The findings of the present study, regarding the effects of ambient temperature on the day‐to‐day data and relative humidity on the monthly data, do not imply that these atmospheric variables are solely responsible for the observed seasonal distribution of AMI deaths. Such studies cannot plausibly account for other possible causes of seasonality, such as variations in physical exercise and eating habits. The markedly high incidence of AMI deaths in December, for example, may be partly attributable to the “Merry Christmas Coronary” phenomenon, as eloquently put by Kloner29
—that is, a constellation of circumstances, ranging from delay in seeking medical help, to overeating, overdrinking and increased emotional stress associated with the holiday period, that, combined, lead to increased cardiac mortality at that time of year.30
However, we believe that such specific circumstances cannot fully account for the pronounced seasonality of cardiovascular mortality and morbidity. In the case of the holiday period, for example, one would expect a similar peak, or at least a local maximum, in AMI deaths at the time of the Easter holidays (in April), which in Greece is celebrated with even more indulgence than Christmas and is associated with all the factors suggested to be responsible for the “Merry Christmas Coronary” phenomenon, apart from the weather conditions. We did not observe such a peak in the present study.
Our study did not assess atmospheric pollution variables, which may influence cardiovascular mortality in a seasonal manner (air pollution in Athens is heavier in winter than in summer31
). However, although associations of various air pollution determinants with cardiovascular mortality32,33
have been found, there is no established relationship to AMI deaths. In addition, in the largest surveys in this field, the authors do not report including air pollution in their analysis as a confounder.15,19
Moreover, it should be noted that among the numerous air pollutants, particulate matter (PM) (and more specifically the finest of airborne particles: PM10 and PM2.5—that is, particles with an aerodynamic diameter of less than 10 μm and 2.5 μm, respectively) has been shown to be the most significant pollutant associated with acute cardiovascular events.34,35,36
In fact, a large study of several US cities reported that airborne particles were the only air pollutant that independently affected daily deaths.37
It has also been shown that in Athens, although total PM mass varies significantly between seasons, the differences in PM10 and PM2.5 between summer and winter are very small.38
It is thus reasonable to suggest that their effect on AMI deaths should not have important seasonal variation.

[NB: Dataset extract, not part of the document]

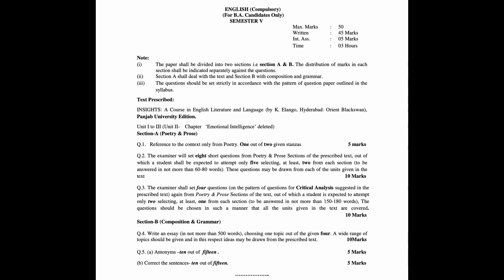The paper shall be divided into two sections: Section A and Section B. The distribution of marks in each section shall be indicated separately against the questions. Section A shall deal with the text, and Section B with composition and grammar.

Another possible confounder that we were not able to control for was influenza epidemics. However, an increase in temperature was associated with an increase in AMI deaths (U‐shaped curve) in periods of the year not associated with influenza (July and August), possibly indicating that the observed seasonality of AMI deaths is not totally attributable to influenza infections. Still, this constitutes a true limitation of our analysis.
The finding that the number of AMI deaths among the elderly was in December more than twofold the number in June indicates that educating the population of senior citizens about the hazards of exposure to cold is inadequate. It may also suggest that, although Athens is a modern city with mostly adequate housing and heating installations, unsatisfactory provisions for these factors for the elderly may be an issue. The relative increase in AMI deaths with higher temperatures in the summer (the right arm of the U shape of the AMI deaths–temperature curve; fig 3), observed in a quite temperate summer for Athens (maximum daily temperature did not exceed 39°C), suggests that a more effective policy of civil protection during hot weather is necessary. Lastly, including the association of relative humidity with AMI mortality may be necessary in healthcare and civil protection planning.